University of St. Thomas Starts New Master’s Creative Writing Program

December 18, 2017

The University of St. Thomas in St. Paul, Minnesota has started a new master’s program in Creative Writing and Publishing, with enrollment open for students looking to begin next fall. The program will put students both in writing workshops (creative nonfiction, fiction, and poetry) and in publishing courses, making this one of a few creative writing graduate programs that train their students to work in literary publishing. AWP spoke with Matthew Batt, associate professor in the English department at St. Thomas, who, along with Graduate English Program Director Alexis Easley, have been working to establish the program for the last five years.

AWP: I’m curious about the publishing aspect of the new program: How will students interact with the publishing industry in Minneapolis/St. Paul?

Matthew Batt: As much as possible—at least annually but hopefully every semester—we will bring editors and other folks from the many fine presses and publishing-related establishments in the Twin Cities such as Milkweed Editions, Graywolf, and Coffee House Press to our campus and our classrooms. We’ll also offer field trips to their offices for tours and some behind-the-scenes peeks to find out what it means to work at a press or other literary organizations such as the Loft Literary Center or the McKnight Foundation, or even to do fun, hands-on activities such as book binding, paper making, or broadside making at the Minnesota Center for Book Arts. Starting this summer, we’re also going to offer a free one-day Midwest Summer Publishing Institute. We’re still finalizing our line-up of guests, but we’ll have established and emerging writers, agents, publicists, and literary magazine and book editors from both our metro area and well beyond so our students and other attendees can get to know the world of publishing from many points of view. It’s our hope that this will help writers navigate the publishing process as well as give our students a vocational edge for those who want to work in the field of publishing.

AWP: Will there be internships or publishing courses that put students in the offices?
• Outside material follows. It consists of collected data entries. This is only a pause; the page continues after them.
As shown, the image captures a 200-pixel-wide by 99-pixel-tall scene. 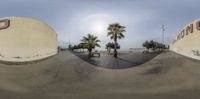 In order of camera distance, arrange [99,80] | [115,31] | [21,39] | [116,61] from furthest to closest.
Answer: [115,31] < [116,61] < [21,39] < [99,80]

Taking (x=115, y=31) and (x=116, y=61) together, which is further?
(x=115, y=31)

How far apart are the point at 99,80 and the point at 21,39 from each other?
1787cm

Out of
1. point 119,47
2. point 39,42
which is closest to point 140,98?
point 39,42

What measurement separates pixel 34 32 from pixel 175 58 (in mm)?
26418

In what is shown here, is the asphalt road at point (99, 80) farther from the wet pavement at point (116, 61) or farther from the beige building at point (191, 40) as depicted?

Batt: Our faculty and staff will help our students seek and apply to internships both locally, online, as well as nationally as part of our individual advising and also a part of how we teach all of our creative writing workshops. Beyond that, we’ll have a dedicated cornerstone class that all of our students will take where they’ll study creative writing as a discipline, but also look at its unique pedagogy and especially how it’s related to publishing.

AWP: What would you say is the makeup of the coursework—what percentage writing vs. publishing?

Batt: Of the required creative writing courses, there are four workshops—all of which will dedicate a portion to the study of publishing within the given genre—and then there’s the cornerstone class, Creative Writing and Publishing, required of all students. The workshops will concentrate perhaps ten to twenty percent of their time on publishing and then the cornerstone class will dedicate up to half of its time to publishing. Other program requirements include a multicultural literature course, a portfolio development individual study, and then three non-creative writing electives where students can study more literature, linguistics, pedagogy, professional writing, more publishing, and beyond. We consider it a studio/research program with lots of flexibility and a vocational concentration on publishing.